Luxury, Online. Where are we?

Luxury, Online. Where are we?
Amalia Agathou
Story by

Amalia Agathou

Amalia Agathou is the Community Director for The Next Web. She's studied Information and Communication Systems Engineering and has shared he Amalia Agathou is the Community Director for The Next Web. She's studied Information and Communication Systems Engineering and has shared her time between the startup and fashion scene. She has worked as an editor for The Next Web, House& Garden and Glamour magazine. Follow her on Twitter

In May I had the pleasure of attending the Luxury Interactive conference by WBR in London. As I’ve always balanced my life in between the tech and the luxury world I was eager to attend a conference about tech but with a brand new angle, putting away my geeky glasses.

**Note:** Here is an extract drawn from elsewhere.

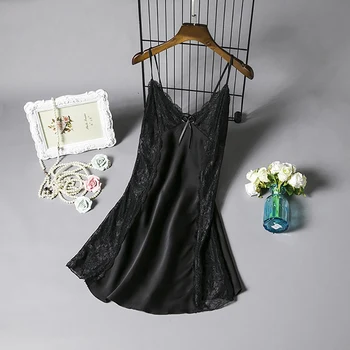

Sexy Lace Women Nightgown Spaghetti Strap Homewear Night Shirts Satin Sleepwear Nightshirts Nightdress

The differences between a tech conference and a luxury conference, not that many:

1. Instead of beer you get to drink champagne

2. First conference in a while that I saw more blackberries than iPhones

3. People communicate with emails and SMS, not with DMs and tweets

4. You need business cards and not just a twitter handle to get in touch with someone

5. You can’t unlock the super swarm badge at a luxury conference, not that many luxury Foursquare users yet.

6. Instead of free stickers you get mini luxury items, like chocolate boxes.

Apart from that, the eagerness to test new technologies, to innovate, to create bonds online and get to the future… one day sooner, are the same. Luxury has the know-how of the looks, tech the know-how of engineering and as they are both extremely fast paced industries,one can only imagine what can be achieved if they blend their visions.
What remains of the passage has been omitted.